Religião no sentido da “religação” com Deus é algo bom, imprescindível e, mais do que tudo, é um privilegio concedido por Cristo a nós. Quando ele morreu na cruz e o véu do templo se rasgou, o que aquilo quis dizer foi: “Não há mais impedimentos, você pode se ligar diretamente ao Pai”. Por outro lado, religião no sentido de viver uma vida de práticas, cumprimento a regras e obediência aos mandamentos bíblicos mas sem demonstração de amor ao próximo é o que há de mais nefasto. Os samaritanos não faziam nada do que os sacerdotes judeus faziam em termos litúrgicos, mas foi precisamente o gesto de amor do samaritano pelo próximo que lhe rendeu elogios de Cristo. Não foi ter ido ao culto, evangelizado, louvado da forma “certa”, pregado um bom sermão, seguido as liturgias e datas santas…nada disso. Fazer essas coisas é ótimo – e devemos fazer – mas não foi isso o que fez Jesus destacar a atitude do samaritano. O sacerdote cumpria a cartilha da fé ao pé da letra, mas deixou o próximo pra lá e foi cuidar da própria vida e tratar dos próprios interesses. E esse, aos olhos de Jesus, é “raça de víboras”.

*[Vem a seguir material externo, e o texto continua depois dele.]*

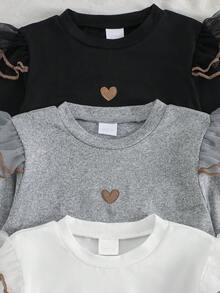 SHEIN Sparklyn 3件組女童秋冬刺繡愛心長袖T恤 幼兒女童長袖上衣 秋季上衣 白色上衣 - 彩色 - 查看 7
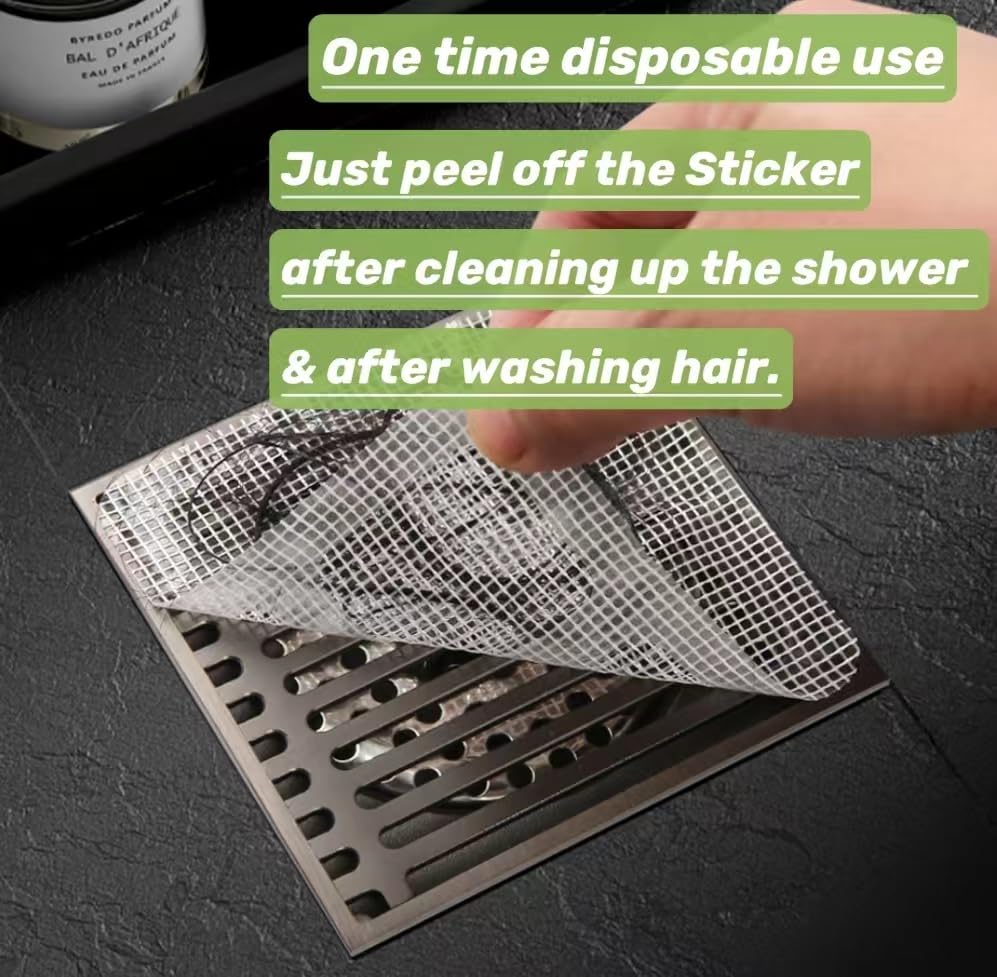 25Pcs Disposable Drain Stickers,Disposable Filter Patches, Disposable Hair Drain Stickers for Shower,Hair Drain Catcher,Drain Mesh Stickers for Bathroom Sink & Bathtub, Kitchen Drains & Strainers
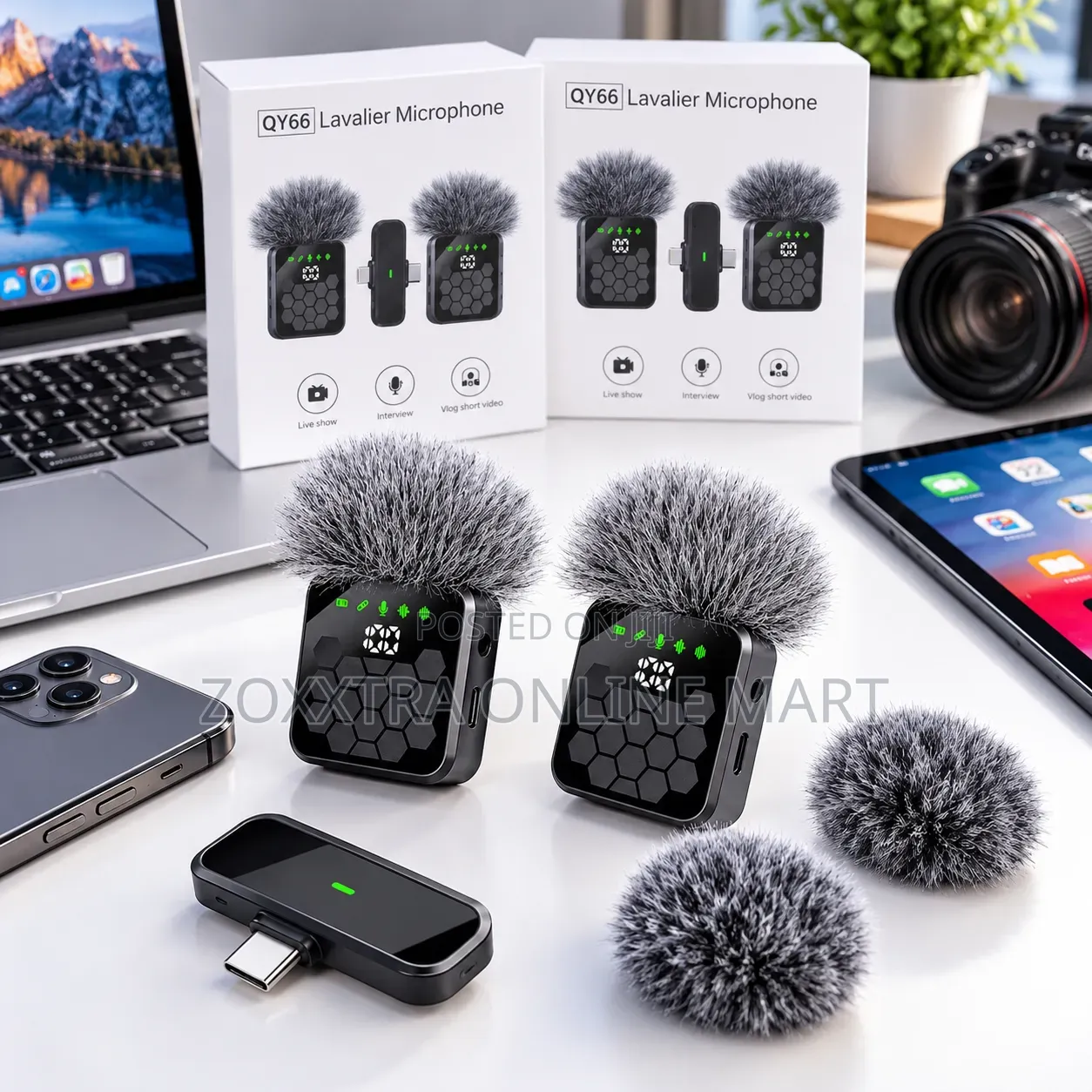 QY66 Dual Wireless Lavalier Microphone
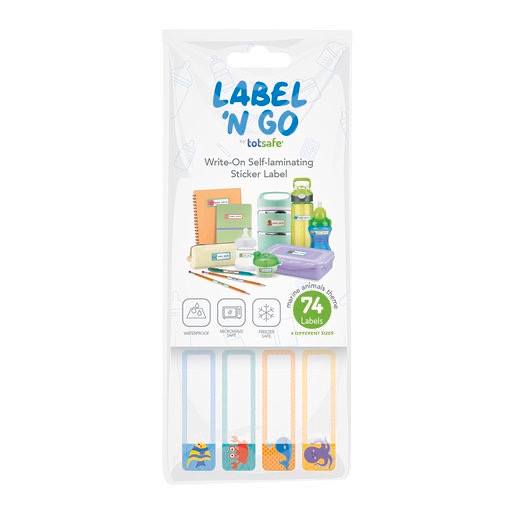 Totsafe Label 'N Go Write On Self-Laminating Stickers 74's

Os elogios de Jesus foram pelo amor demonstrado ao próximo.

Que Deus nos livre de nos tornarmos “religiosos” no mau sentido. Se cumprirmos tudo o que a cartilha do crente determina mas nosso coração não tiver amor pelo próximo… estamos mal na fita. Peço ao Senhor que nos amemos uns aos outros de fato. Que haja mais pregações sobre isso. Que se cante mais sobre isso. É simples, não exige grandes teologias: amar o próximo é fazer por ele o que gostaríamos que fizessem a nós. Uma criança entende o conceito.
Deus queira que nunca aconteça com você. Mas, se um dia ocorrer de você estar caído, ferido, à beira da estrada, peça ao Senhor que passe por ali o religioso que foi religado a Deus e não o religioso que só cumpre os eclesiasticismos. Senão, meu irmão, minha irmã, você ficará jogado às traças, à chuva e ao desamor de gente que diz amar a Deus mas deixa você caído à beira do caminho, implorando por socorro.
Mais do que isso: que o religioso que deixa os outros largados para lá nunca sejamos você e eu. Pois, se formos assim… que Deus tenha misericórdia de nós.